The Council then focussed for several days on the enormous educational effort that the Society of Jesus is carrying out in the world and on how it can best collaborate in the mission that God has entrusted to the Church. This has to be a mission that is carried out in the context of the faith and the spiritual experience that animate the Society, which must, as Father Arrupe explained, lead to the formation of people for and with others. Enlightened by Christ, the true men and women for others are capable of being agents of change and committed to the construction of more just and humane societies. This process led us to deepen the meaning of Ignatian pedagogy, the importance of critical reflection, discernment, openness to the experience of God, and faith formation in the multi-religious and multi-convictional contexts of today’s societies.

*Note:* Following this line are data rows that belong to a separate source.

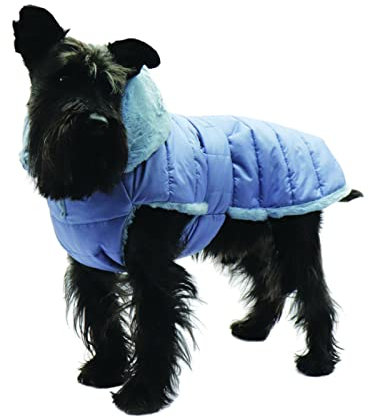 Fashion Dog Hunde-Steppmantel mit Kunstpelz-Futter - Azzurro - 36 cm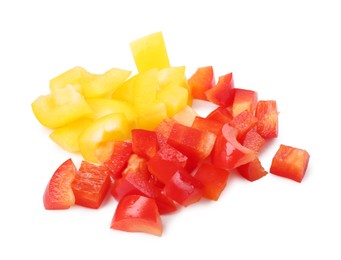 Photo of Pieces of fresh colorful bell peppers isolated on white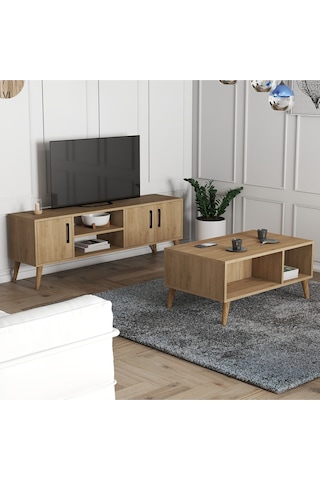 Set 1586-2076 Tv Ünitesi + Exxen Orta Sehpa - Sepet Rengi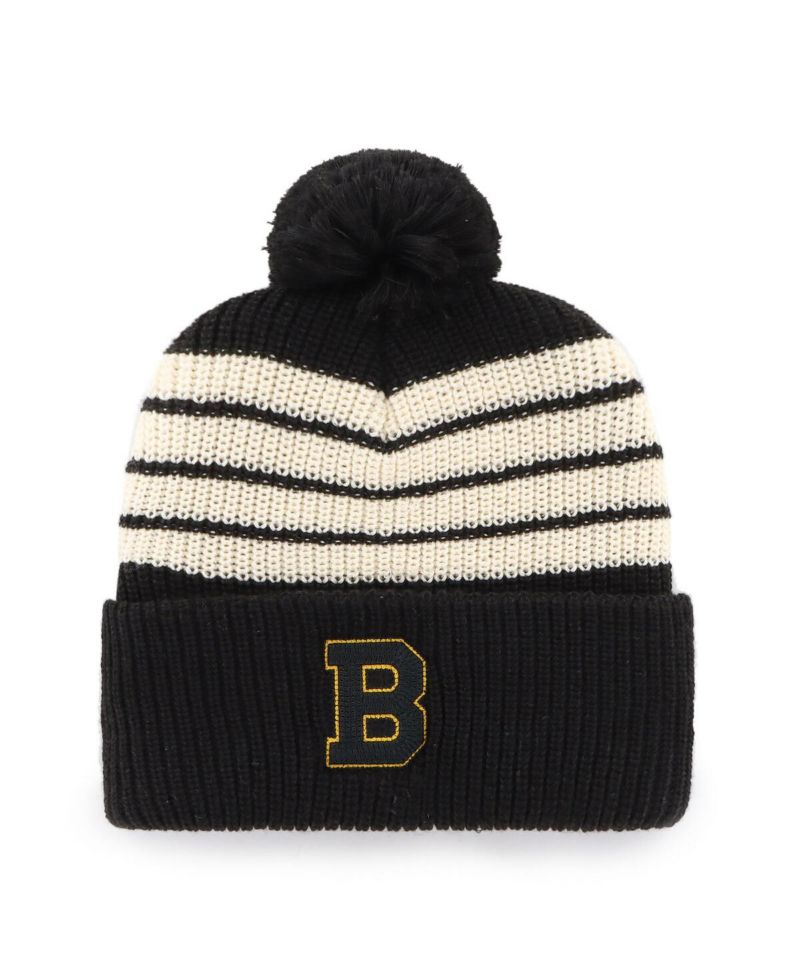 Men's Black Boston Bruins Old Time Hockey Barn Cuffed Knit Hat with Pom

The last day of the Council was devoted to reflecting on the recent instruction of the Vatican Congregation for Education on The Identity of the Catholic School for a Culture of Dialogue. This instruction seeks to clarify the meaning of the identity of the Catholic school in a multicultural and multi-religious world like ours. To this end, we listened to the opinions of a canonist, a theologian and an educator.
As in other meetings of the Expanded Council, the discernment on the educational apostolate was lived in an atmosphere of personal prayer, spiritual conversation, and Eucharistic celebration where we really wanted to listen to the Lord. Personally, and as Secretary for Jesuit Education (Secondary and Pre-Secondary), I felt that we truly contemplated our educational endeavour, with its lights, challenges and shadows, through the eyes of Jesus. This led us to recognise with gratitude the enormous efforts of so many Jesuits and apostolic companions who passionately make it possible for our schools, universities and other educational centres to carry out their mission of education and evangelisation.
We were also able to recognise the enormous challenges so that our educational institutions can truly contribute to the hope and fraternity to which Pope Francis has called us in Laudato Si’ and Fratelli Tutti. After all, our works, like us Jesuits, find themselves immersed in a context that is often inimical to the values and the vision we seek as servants of the Gospel. However, we feel once again that faith in the crucified and risen Christ leads us in all things to love and serve, to continue to preach by our lives, works and words the kingdom of God. The important thing is to put Jesus at the centre of our apostolic life, the only one who can make it possible to build a true human brotherhood and sisterhood. As Jesuits we have experienced the healing and liberation that Jesus offers us, and it is this same experience that continues to encourage us to become and educate other people to be men and women for and with others.